The Tigray Genocide has not only claimed the lives of hundreds of thousands of innocent civilians and exposed many to horrific sexual violence, but it has also inflicted catastrophic economic devastation. The collapse of the micro-economy, in particular, has had a devastating effect on livelihoods, with data from 657,360 households revealing its near-total destruction. According to our commission’s – CITG’s – report, the impact spans a wide range of areas, including physical damage incidence, forced displacement, loss of income, rising subjective poverty, food insecurity, inflation, livestock depletion, agricultural land loss, and soaring unemployment.
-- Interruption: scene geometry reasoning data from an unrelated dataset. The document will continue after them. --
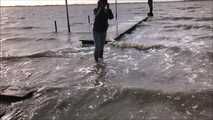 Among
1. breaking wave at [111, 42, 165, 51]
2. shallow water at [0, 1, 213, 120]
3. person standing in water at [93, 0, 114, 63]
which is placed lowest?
shallow water at [0, 1, 213, 120]

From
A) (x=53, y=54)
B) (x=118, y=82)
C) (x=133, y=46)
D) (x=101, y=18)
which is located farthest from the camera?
(x=133, y=46)

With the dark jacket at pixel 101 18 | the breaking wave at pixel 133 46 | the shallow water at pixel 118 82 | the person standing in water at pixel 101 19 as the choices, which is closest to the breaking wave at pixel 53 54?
the shallow water at pixel 118 82

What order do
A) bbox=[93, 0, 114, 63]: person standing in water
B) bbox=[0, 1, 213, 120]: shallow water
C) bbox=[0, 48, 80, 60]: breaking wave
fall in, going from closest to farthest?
bbox=[0, 1, 213, 120]: shallow water < bbox=[93, 0, 114, 63]: person standing in water < bbox=[0, 48, 80, 60]: breaking wave

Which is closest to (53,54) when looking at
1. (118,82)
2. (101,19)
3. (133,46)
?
(133,46)

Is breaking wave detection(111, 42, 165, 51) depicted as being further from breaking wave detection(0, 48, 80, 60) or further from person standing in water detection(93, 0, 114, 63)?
person standing in water detection(93, 0, 114, 63)

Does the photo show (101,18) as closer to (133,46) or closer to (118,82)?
(118,82)

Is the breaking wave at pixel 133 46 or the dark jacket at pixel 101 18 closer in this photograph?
the dark jacket at pixel 101 18

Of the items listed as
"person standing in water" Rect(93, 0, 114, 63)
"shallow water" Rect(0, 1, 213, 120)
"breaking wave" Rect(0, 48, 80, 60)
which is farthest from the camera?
"breaking wave" Rect(0, 48, 80, 60)

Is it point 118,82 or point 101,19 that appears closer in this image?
point 118,82

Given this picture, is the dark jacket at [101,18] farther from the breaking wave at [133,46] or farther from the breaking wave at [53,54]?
the breaking wave at [133,46]

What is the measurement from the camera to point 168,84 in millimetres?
7574

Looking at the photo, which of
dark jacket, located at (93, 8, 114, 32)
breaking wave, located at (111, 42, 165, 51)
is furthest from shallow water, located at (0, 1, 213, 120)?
dark jacket, located at (93, 8, 114, 32)

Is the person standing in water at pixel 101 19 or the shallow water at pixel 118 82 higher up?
the person standing in water at pixel 101 19

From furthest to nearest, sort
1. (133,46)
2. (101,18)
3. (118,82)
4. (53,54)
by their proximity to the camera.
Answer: (133,46)
(53,54)
(101,18)
(118,82) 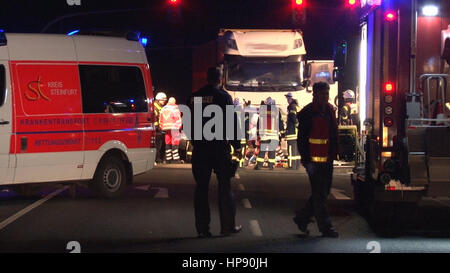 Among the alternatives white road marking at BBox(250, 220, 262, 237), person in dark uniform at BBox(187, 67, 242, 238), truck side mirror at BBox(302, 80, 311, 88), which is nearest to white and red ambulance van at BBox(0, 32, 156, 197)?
white road marking at BBox(250, 220, 262, 237)

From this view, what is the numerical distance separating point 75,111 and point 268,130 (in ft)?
25.9

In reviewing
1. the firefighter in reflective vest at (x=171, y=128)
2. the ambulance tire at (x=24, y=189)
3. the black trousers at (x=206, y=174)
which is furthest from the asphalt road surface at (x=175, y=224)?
the firefighter in reflective vest at (x=171, y=128)

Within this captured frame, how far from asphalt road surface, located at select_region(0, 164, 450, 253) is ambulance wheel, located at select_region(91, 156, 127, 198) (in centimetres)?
21

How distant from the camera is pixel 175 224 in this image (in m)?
10.6

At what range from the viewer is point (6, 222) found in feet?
35.3

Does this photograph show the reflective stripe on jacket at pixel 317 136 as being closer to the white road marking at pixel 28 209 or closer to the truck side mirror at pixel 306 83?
the white road marking at pixel 28 209

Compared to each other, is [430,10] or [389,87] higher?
[430,10]

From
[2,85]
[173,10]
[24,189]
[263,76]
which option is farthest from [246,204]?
[173,10]

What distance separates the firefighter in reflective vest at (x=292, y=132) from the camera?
19.6 meters

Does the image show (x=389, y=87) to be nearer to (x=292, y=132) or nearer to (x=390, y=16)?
(x=390, y=16)

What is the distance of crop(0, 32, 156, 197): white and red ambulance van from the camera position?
12.2 m

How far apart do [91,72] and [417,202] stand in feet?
19.2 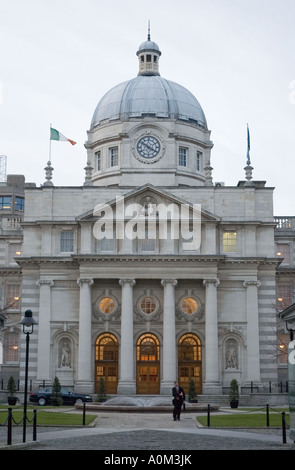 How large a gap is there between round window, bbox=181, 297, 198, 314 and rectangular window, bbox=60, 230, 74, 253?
10335 millimetres

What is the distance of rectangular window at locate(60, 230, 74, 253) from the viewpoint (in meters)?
64.8

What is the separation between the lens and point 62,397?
5538cm

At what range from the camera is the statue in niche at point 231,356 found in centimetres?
6303

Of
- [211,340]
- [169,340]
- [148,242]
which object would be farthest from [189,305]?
[148,242]

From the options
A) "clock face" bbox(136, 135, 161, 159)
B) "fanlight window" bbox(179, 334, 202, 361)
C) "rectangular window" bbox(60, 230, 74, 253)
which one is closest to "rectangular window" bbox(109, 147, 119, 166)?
"clock face" bbox(136, 135, 161, 159)

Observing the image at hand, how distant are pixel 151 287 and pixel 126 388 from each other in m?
8.58

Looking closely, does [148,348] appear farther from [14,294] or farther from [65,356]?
[14,294]

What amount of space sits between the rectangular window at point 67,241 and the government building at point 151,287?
90 millimetres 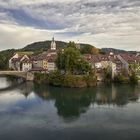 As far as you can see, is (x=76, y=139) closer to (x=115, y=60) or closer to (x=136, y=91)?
(x=136, y=91)

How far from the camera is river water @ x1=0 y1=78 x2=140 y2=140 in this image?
67.1 ft

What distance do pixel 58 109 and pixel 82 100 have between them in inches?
207

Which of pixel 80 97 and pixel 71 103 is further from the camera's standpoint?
pixel 80 97

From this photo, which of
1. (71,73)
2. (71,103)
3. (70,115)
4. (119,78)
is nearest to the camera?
(70,115)

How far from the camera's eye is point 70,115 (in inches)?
1037

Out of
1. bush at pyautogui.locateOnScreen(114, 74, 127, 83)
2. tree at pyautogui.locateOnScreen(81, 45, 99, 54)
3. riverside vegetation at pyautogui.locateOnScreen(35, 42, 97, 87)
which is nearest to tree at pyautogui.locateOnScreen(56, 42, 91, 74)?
riverside vegetation at pyautogui.locateOnScreen(35, 42, 97, 87)

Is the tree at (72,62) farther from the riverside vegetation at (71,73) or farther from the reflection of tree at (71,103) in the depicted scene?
the reflection of tree at (71,103)

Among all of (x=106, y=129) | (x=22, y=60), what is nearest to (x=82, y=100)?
(x=106, y=129)

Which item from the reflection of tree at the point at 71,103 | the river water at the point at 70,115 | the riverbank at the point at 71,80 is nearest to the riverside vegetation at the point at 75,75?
the riverbank at the point at 71,80

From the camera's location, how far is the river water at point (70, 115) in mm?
20438

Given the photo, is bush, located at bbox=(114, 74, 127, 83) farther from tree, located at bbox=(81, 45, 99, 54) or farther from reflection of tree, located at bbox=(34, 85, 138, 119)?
tree, located at bbox=(81, 45, 99, 54)

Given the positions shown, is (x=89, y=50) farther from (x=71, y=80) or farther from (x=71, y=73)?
(x=71, y=80)

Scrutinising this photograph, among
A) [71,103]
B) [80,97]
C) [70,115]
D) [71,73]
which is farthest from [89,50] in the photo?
[70,115]

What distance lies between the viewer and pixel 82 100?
33.7 metres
The comprehensive Damage and Loss Assessment (DaLA) for the Tigray Region’s Productive Sector estimates a catastrophic total economic impact of US$83.84 billion (US$83,840.87 million), directly caused by the war and the subsequent siege and blockage. The magnitude of this figure is fundamentally tied to the unprecedented scale and breadth of the assessment coverage, which includes 657,360 individual households and a total of 55,371 formal private firms across the productive sectors (including trade and services), alongside the entire regional financial system (18 banks and 2 microfinance institutions). By meticulously covering the entire stock of private, public, and household assets and productive capacity, the resulting monetary values represent the full, aggregated economic destruction of the region’s productive base.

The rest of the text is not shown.